How To Turn Limited From A Weakness To A Strength
Diving headfirst into Limited and playing it as much as possible with good players is one of the keys to mastering Limited.
When Draft PDX meets they start by drafting the best decks that they can, and then they split into two random teams before they build their decks. They discuss with each other what cards they might use and how to play them before coming together to play the other team.
The team that wins the Draft is the team that wins the most matches—this way players get to really learn how their deck performed instead of getting benched after their first loss. With the team setting players are encouraged to play their hardest even after a loss, as their next match matters just as much for the team.
Biggest Mistake Players Make
One of the biggest mistakes Gabe sees players make is when they let their emotions determine the value of their play. He knows that not blaming losses on luck and variance is great advice, but what he finds more valuable is looking back at matches he won to find the mistakes he made.

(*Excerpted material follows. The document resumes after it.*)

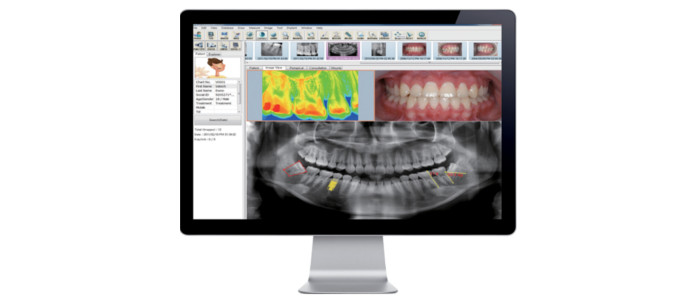 Dental Imaging – Cameras | X-rays | Scanners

If you only set out to learn from losses then you are missing out on a lot of opportunities to learn, especially since most wins aren’t achieved in the most optimal fashion.
To internalize mistakes you’ve made, realize that you most likely will make the same mistake again. What you can do to prevent that is to care about making the mistake, actively seek to recognize it, and find what mode of thinking led you to that mistake.
What Is The Deepest Thing Magic Has Taught You?
While Gabe sees himself as a competitive, achievement focused individual, Magic has taught him that he is more of a community focused player. His personal goals are important to him, but they aren’t as important as being good to people and his interactions with a healthy, thriving community of players.
What’s in Your Tournament Bag
Dark Chocolate (for himself and distressed teammates)
Non-Magic Activities That Make You Better At Magic
Gabe plays basketball and finds that aerobic activity measurably affects his mental state and thought processes. Maintaining his physical health helps him from getting exhausted in long tournaments, and he finds that when he feels good he usually plays better. The brain is connected to the body and keeping both in shape is important to performing well in anything.
Gabe’s final advice is to make sure you’re always trying to learn. Magic has taught him that he doesn’t know everything, and it has helped him connect and learn from many different people and situations. Never think you have it all figured out. When you win a big tournament use it as an opportunity to say, “This is a big milestone for me and I have a lot more left to learn.”